Copy out the records in full, word for word, without pictures.

>>

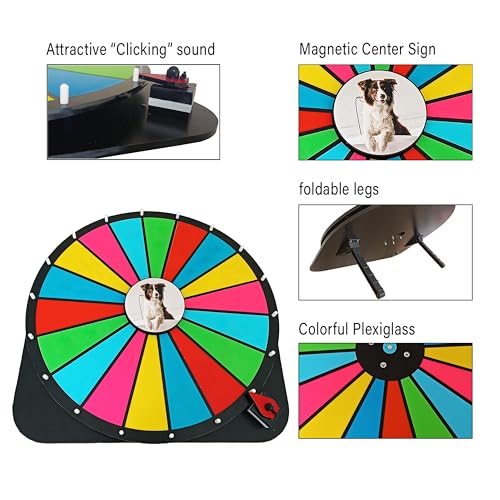 Spinning Prize Wheel 24 Inch with 18 Slots Tabletop Game B32303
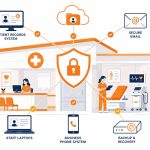 Healthcare IT security: flat vector of clinic with connected devices and data protection shield.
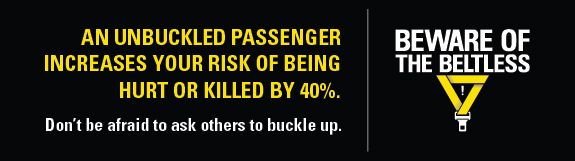 An unbuckled passenger increases your risk of being hurt by 40%. Beware of the Beltless campaign image.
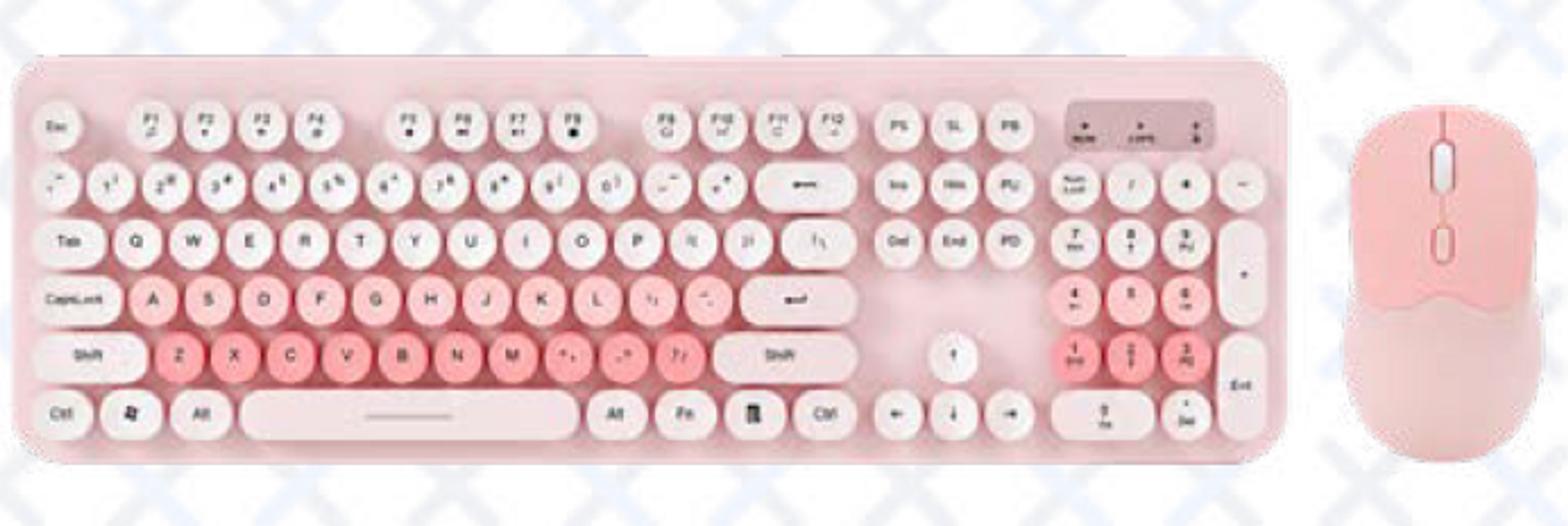 COMBO MOUSE Y TECLADO TECLAS REDONDA ROSA INALÁMBRICO 2.4H QW09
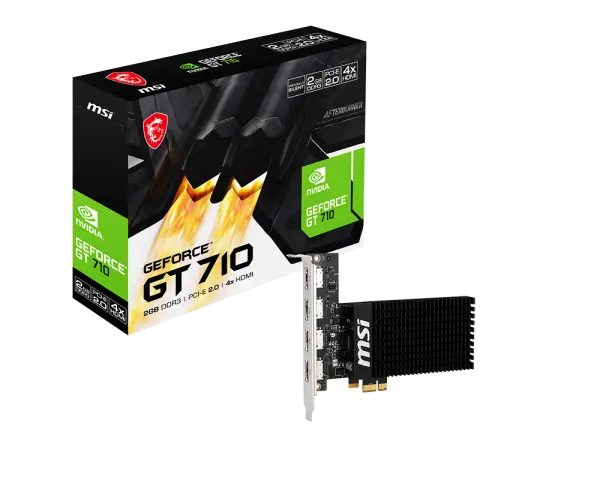 MSI GeForce GT 710 2GB GDDR3 64-Bit 4 HDMI Graphics Card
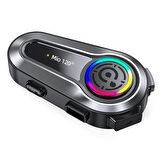 Mioji Mio 120 2x RGB 1000mAh IPX6 1500m 2 Kişilik Kask Intercom Motosiklet Bluetooth Kulaklık - Siyah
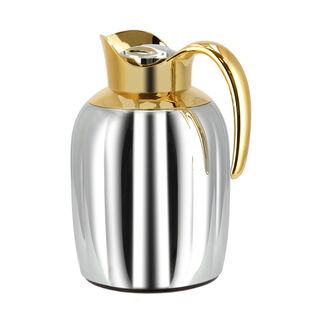 Dallaty pumpk steel vacuum flask chrome and gold 1L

<<

> WRITTEN SOLUTION
 Spinning Prize Wheel 24 Inch with 18 Slots Tabletop Game B32303
 Healthcare IT security: flat vector of clinic with connected devices and data protection shield.
 An unbuckled passenger increases your risk of being hurt by 40%. Beware of the Beltless campaign image.
 COMBO MOUSE Y TECLADO TECLAS REDONDA ROSA INALÁMBRICO 2.4H QW09
 MSI GeForce GT 710 2GB GDDR3 64-Bit 4 HDMI Graphics Card
 Mioji Mio 120 2x RGB 1000mAh IPX6 1500m 2 Kişilik Kask Intercom Motosiklet Bluetooth Kulaklık - Siyah
 Dallaty pumpk steel vacuum flask chrome and gold 1L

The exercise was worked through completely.